__WHAT IS BEING ASKED__. Would you please repeat all of the data exactly, omitting the pictures?

__RECORDED DATA__.
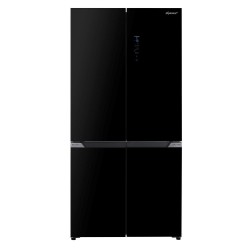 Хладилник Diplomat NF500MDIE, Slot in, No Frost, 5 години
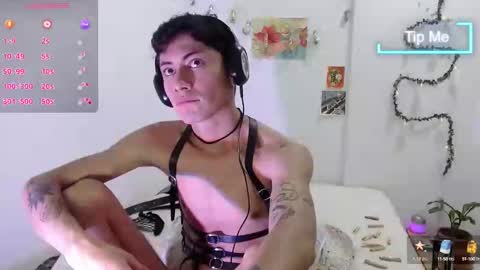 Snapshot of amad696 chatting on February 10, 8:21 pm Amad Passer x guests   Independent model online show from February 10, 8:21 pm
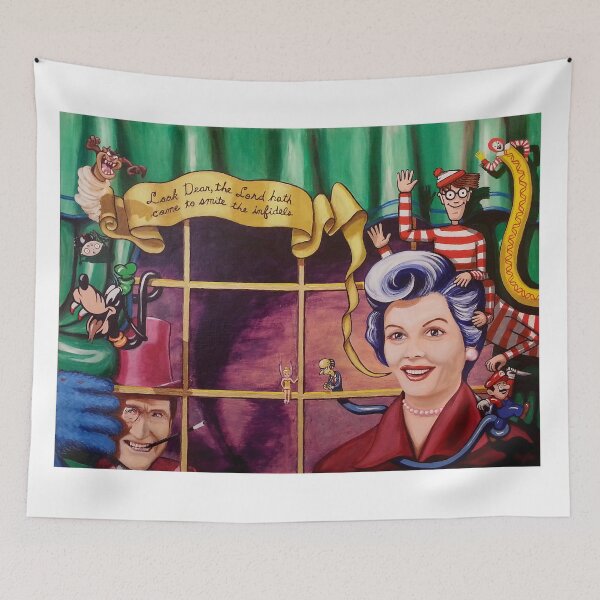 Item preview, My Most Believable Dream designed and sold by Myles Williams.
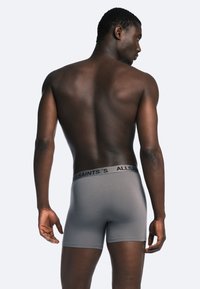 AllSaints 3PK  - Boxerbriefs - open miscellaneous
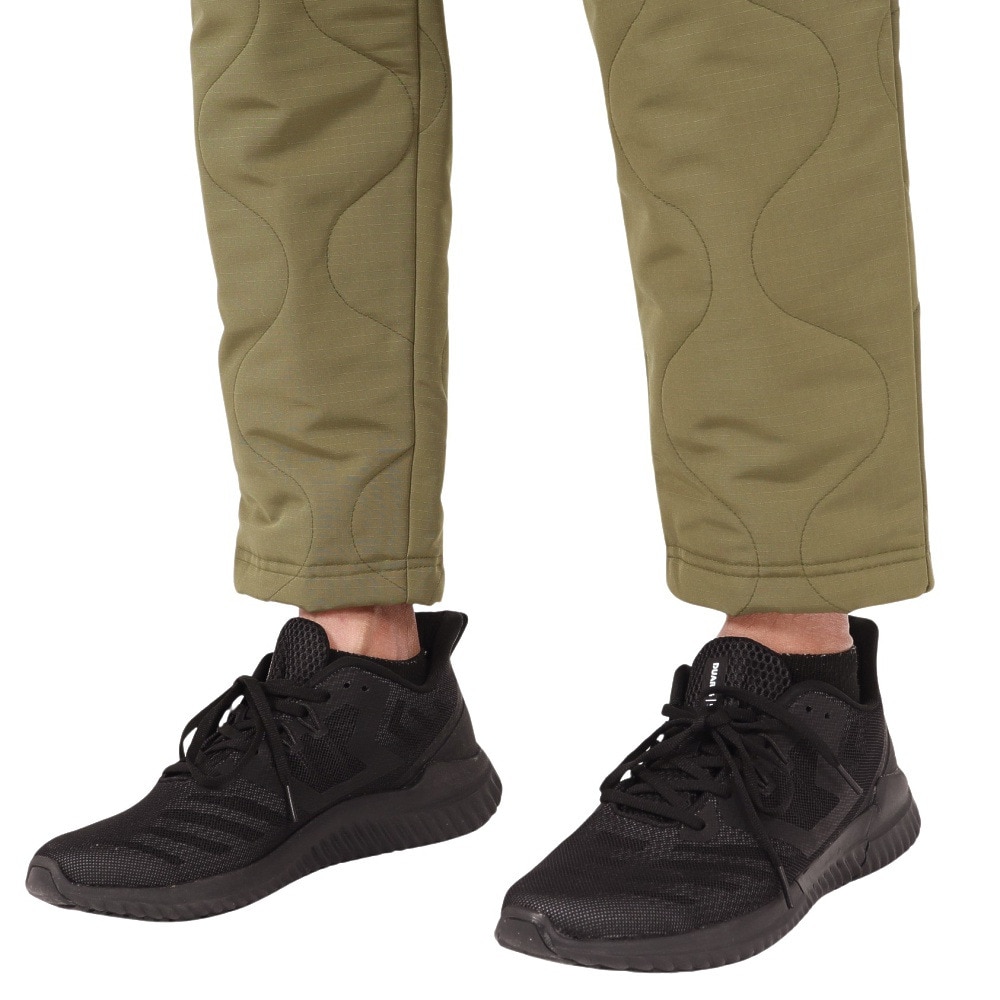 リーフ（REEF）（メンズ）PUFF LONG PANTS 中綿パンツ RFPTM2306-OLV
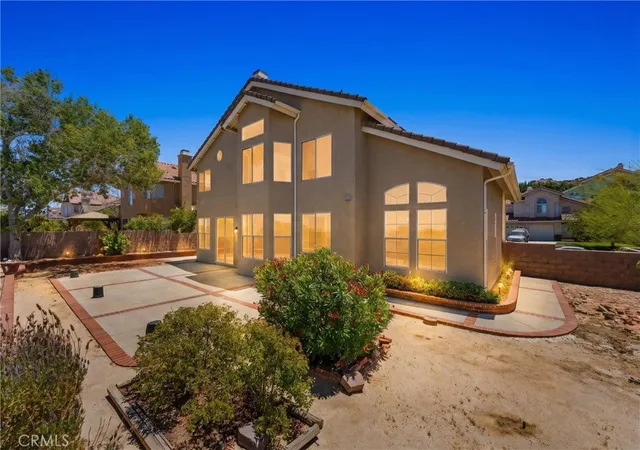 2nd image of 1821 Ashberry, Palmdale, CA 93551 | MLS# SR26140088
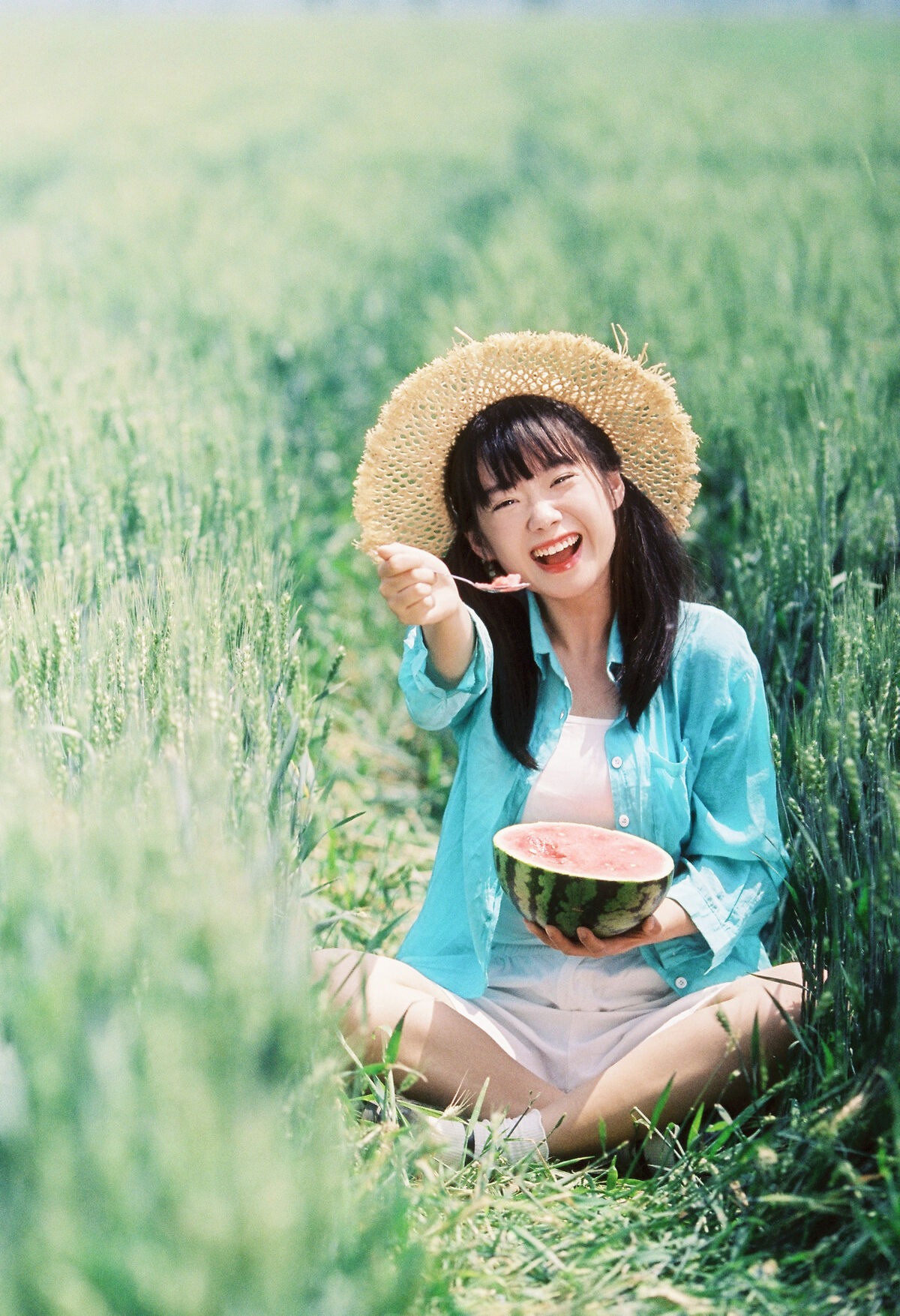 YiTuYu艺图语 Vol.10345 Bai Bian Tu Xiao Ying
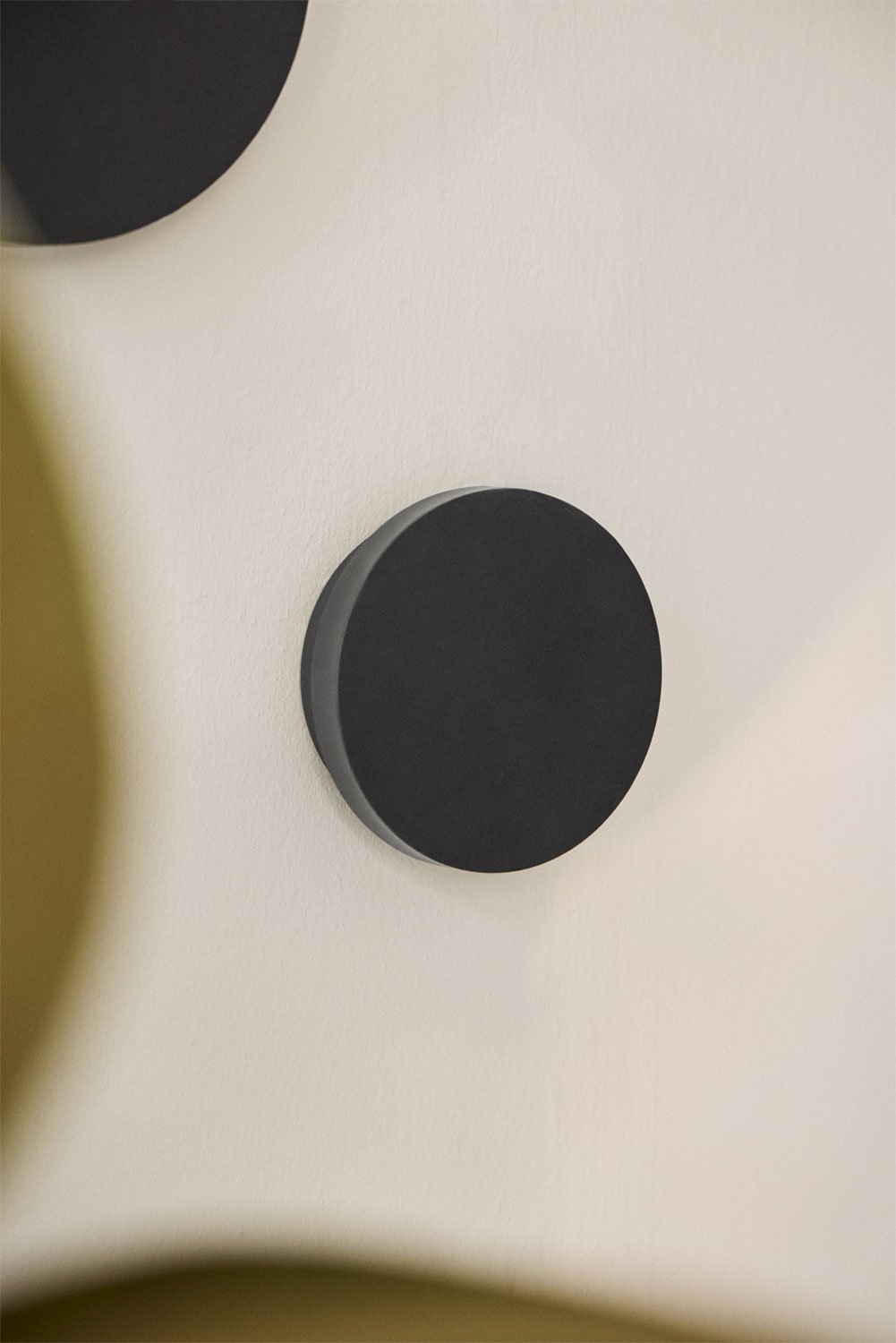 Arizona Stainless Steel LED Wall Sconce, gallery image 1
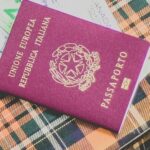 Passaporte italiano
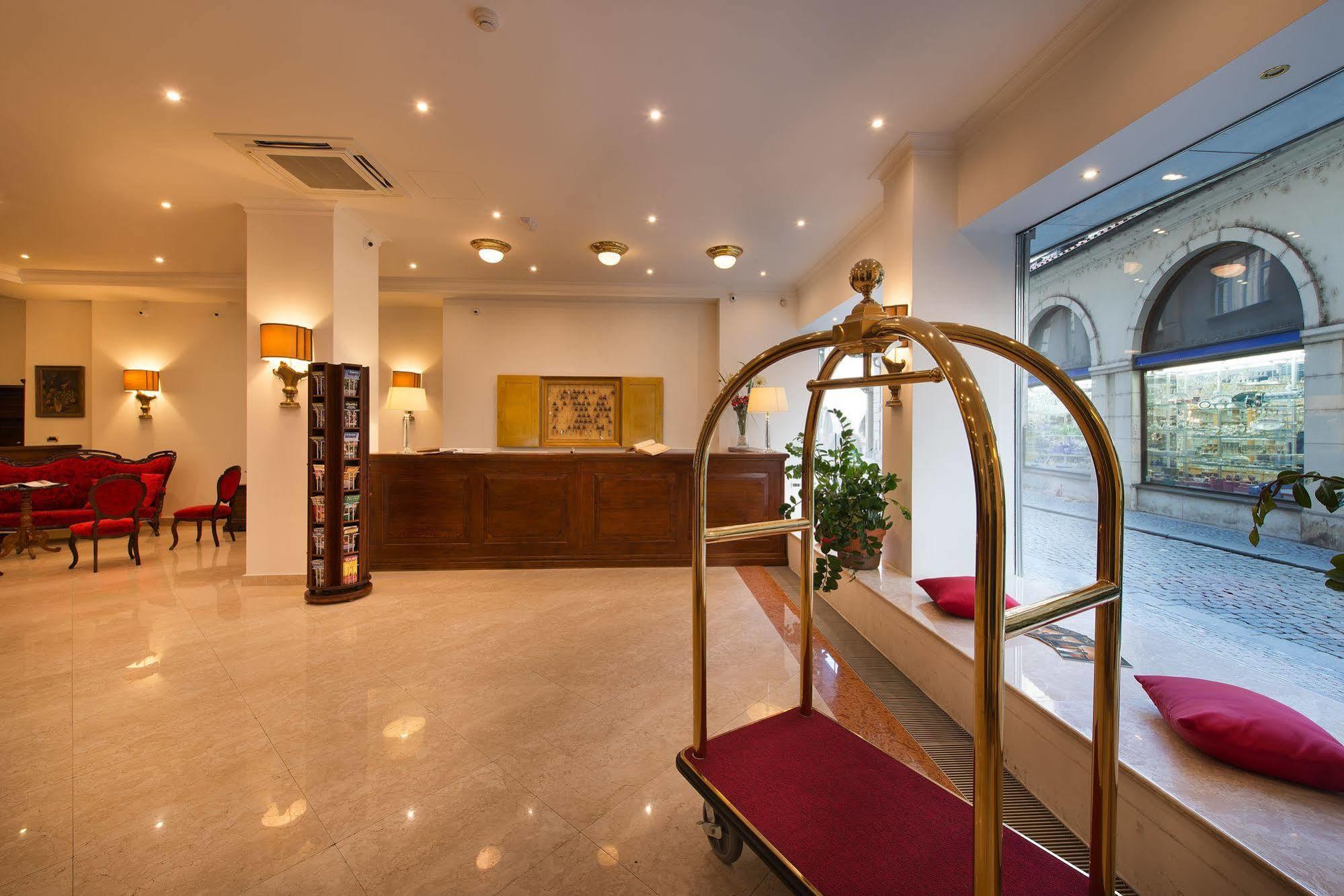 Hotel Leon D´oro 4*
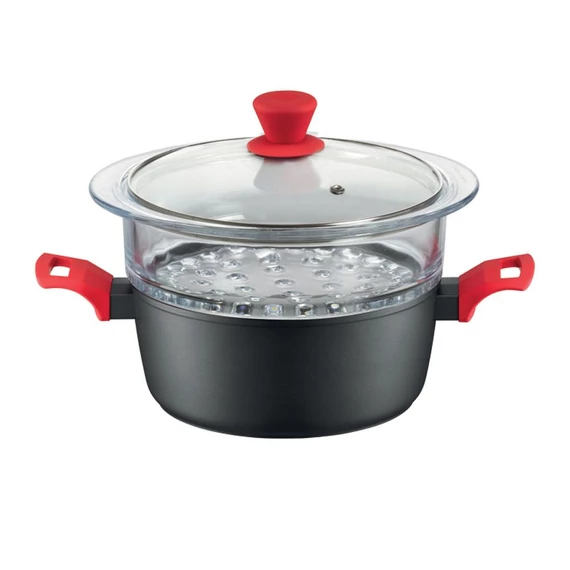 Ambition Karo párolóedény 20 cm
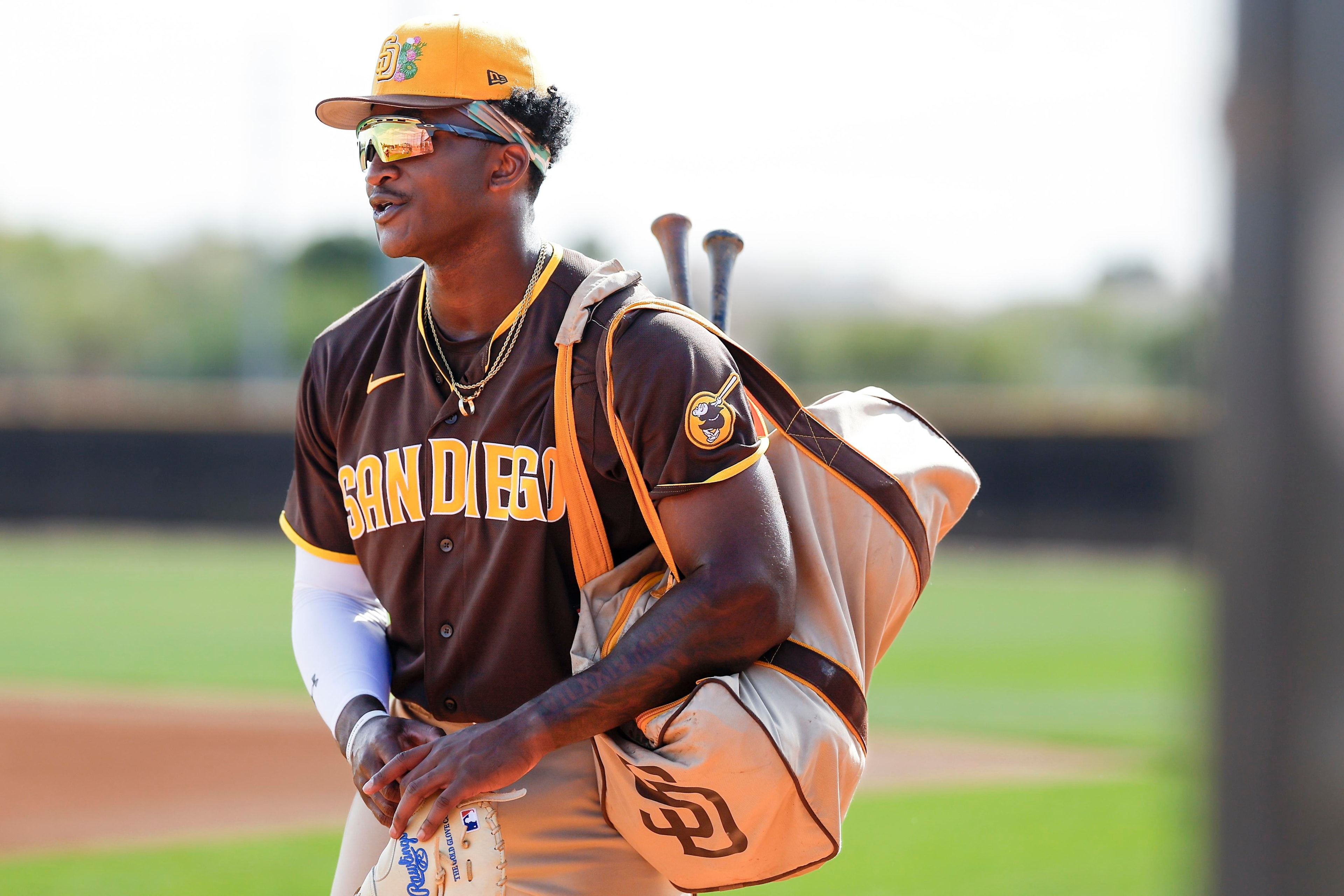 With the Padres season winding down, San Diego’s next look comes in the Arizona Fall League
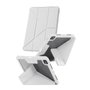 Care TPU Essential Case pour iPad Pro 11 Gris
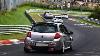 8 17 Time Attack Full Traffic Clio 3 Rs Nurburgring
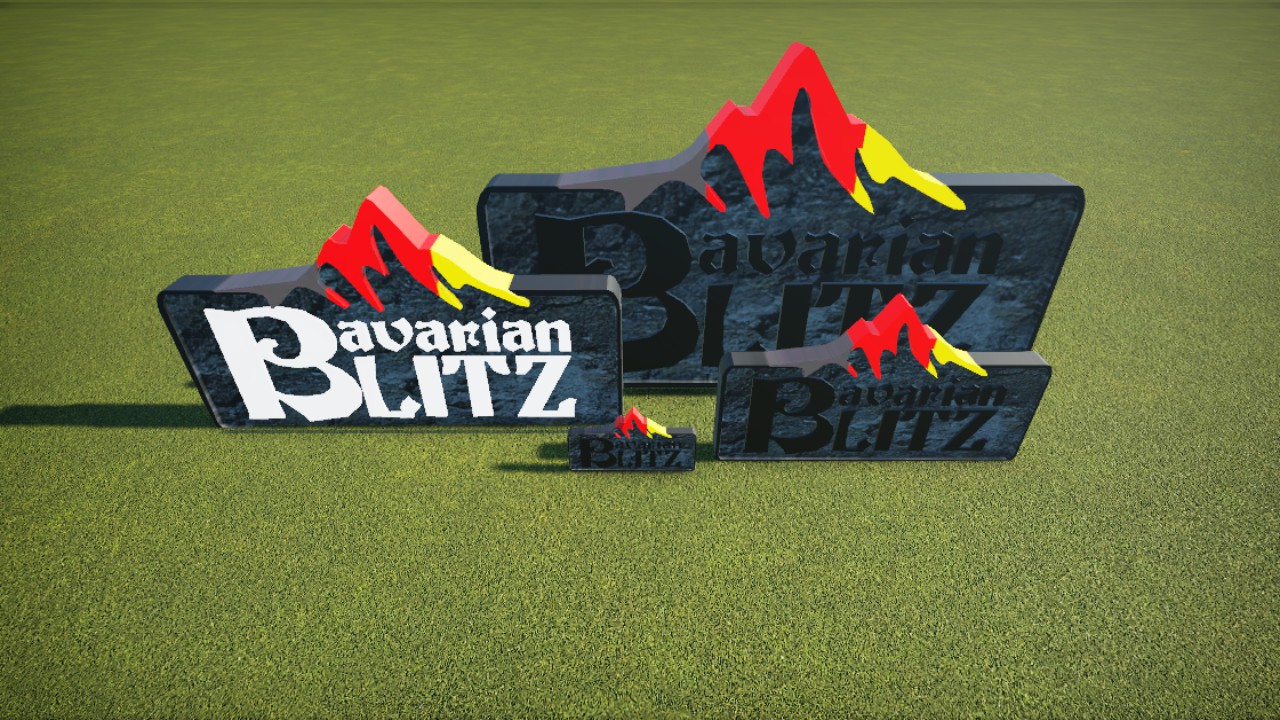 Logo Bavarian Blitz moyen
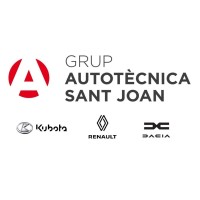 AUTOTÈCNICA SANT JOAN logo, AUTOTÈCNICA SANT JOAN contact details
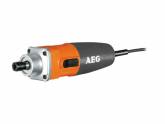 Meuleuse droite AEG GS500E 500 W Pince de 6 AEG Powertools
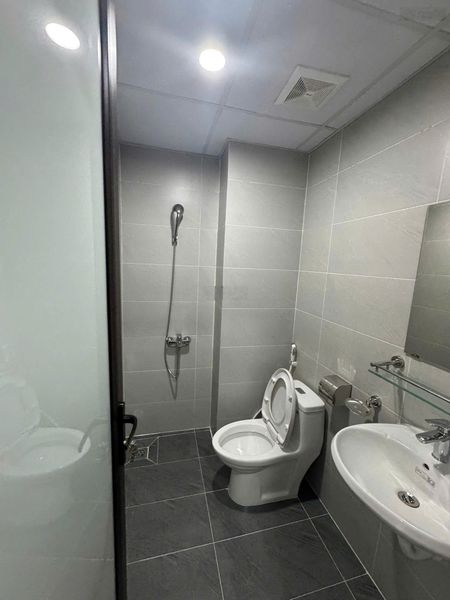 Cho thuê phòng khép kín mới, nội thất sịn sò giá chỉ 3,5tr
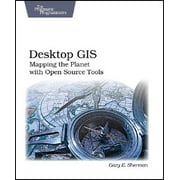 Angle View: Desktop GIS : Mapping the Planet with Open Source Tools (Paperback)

__RESPONSE__.
 Хладилник Diplomat NF500MDIE, Slot in, No Frost, 5 години
 Snapshot of amad696 chatting on February 10, 8:21 pm Amad Passer x guests   Independent model online show from February 10, 8:21 pm
 Item preview, My Most Believable Dream designed and sold by Myles Williams.
 AllSaints 3PK  - Boxerbriefs - open miscellaneous
 リーフ（REEF）（メンズ）PUFF LONG PANTS 中綿パンツ RFPTM2306-OLV
 2nd image of 1821 Ashberry, Palmdale, CA 93551 | MLS# SR26140088
 YiTuYu艺图语 Vol.10345 Bai Bian Tu Xiao Ying
 Arizona Stainless Steel LED Wall Sconce, gallery image 1
 Passaporte italiano
 Hotel Leon D´oro 4*
 Ambition Karo párolóedény 20 cm
 With the Padres season winding down, San Diego’s next look comes in the Arizona Fall League
 Care TPU Essential Case pour iPad Pro 11 Gris
 8 17 Time Attack Full Traffic Clio 3 Rs Nurburgring
 Logo Bavarian Blitz moyen
 AUTOTÈCNICA SANT JOAN logo, AUTOTÈCNICA SANT JOAN contact details
 Meuleuse droite AEG GS500E 500 W Pince de 6 AEG Powertools
 Cho thuê phòng khép kín mới, nội thất sịn sò giá chỉ 3,5tr
 Angle View: Desktop GIS : Mapping the Planet with Open Source Tools (Paperback)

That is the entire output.